Keeping skin hydrated is especially important in winter. The icy temps and wind chill can leave you with raw, dry cheeks and chapped lips. Slather on moisturizer and dab some Vaseline on your lips to battle windburn. While you’re at it, make sure your lotion has SPF—just because you can’t feel the sun’s heat doesn’t mean its UV rays are taking the season off, too.

Running Tips

Warm-up indoors
Cold weather makes muscles more susceptible to stiffness and soreness, so loosen them up inside while you’re warm to prevent injury. Devote plenty of time to stretches like these to ensure a safer run.

Slow it down
If there’s ice or slush on the ground, take your pace down a notch and shorten your strides for more stability and control in case you slide.

Decrease your distance
“Black ice can lead to a fall and injury, and general concerns about good footing in the winter.

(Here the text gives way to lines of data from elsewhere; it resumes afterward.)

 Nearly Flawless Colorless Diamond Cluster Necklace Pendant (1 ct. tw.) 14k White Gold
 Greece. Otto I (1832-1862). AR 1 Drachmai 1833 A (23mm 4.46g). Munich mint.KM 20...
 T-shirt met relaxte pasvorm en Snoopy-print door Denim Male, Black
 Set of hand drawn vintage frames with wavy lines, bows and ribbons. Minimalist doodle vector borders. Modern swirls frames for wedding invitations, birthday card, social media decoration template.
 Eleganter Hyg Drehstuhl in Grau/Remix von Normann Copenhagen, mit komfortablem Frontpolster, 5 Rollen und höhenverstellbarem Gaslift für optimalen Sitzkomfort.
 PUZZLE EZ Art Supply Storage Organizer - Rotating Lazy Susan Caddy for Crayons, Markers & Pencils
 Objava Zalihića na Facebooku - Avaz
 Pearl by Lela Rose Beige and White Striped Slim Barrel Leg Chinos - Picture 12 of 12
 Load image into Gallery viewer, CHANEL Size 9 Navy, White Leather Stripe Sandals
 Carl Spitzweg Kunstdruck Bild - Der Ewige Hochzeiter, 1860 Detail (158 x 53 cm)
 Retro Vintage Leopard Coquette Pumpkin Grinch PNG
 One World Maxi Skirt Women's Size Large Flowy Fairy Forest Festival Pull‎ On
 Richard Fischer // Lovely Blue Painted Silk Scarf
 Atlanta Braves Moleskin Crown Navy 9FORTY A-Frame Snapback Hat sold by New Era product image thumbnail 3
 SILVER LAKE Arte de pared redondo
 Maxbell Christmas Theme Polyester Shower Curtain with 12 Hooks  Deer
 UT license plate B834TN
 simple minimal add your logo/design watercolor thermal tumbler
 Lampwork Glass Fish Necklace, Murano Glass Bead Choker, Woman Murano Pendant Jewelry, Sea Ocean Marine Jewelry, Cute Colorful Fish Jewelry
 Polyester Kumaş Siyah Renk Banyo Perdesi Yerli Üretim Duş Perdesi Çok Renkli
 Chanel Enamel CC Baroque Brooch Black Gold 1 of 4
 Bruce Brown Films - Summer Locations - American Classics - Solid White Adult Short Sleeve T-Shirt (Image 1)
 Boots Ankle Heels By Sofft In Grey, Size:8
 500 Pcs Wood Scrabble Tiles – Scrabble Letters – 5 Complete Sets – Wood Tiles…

After snow storms there are often snow piles that force runners into the street, which needs to be considered when planning a running course. In extreme cold, it’s wise to plan shorter loops to stay close to home in case injury requires you to walk back,” says Bove.

Embrace the treadmill
If conditions seem too dangerous (or it’s just too damn cold), ditch the outdoors and log a few miles on the treadmill instead. To stave off boredom, try out one of the interval programs that come with most machines.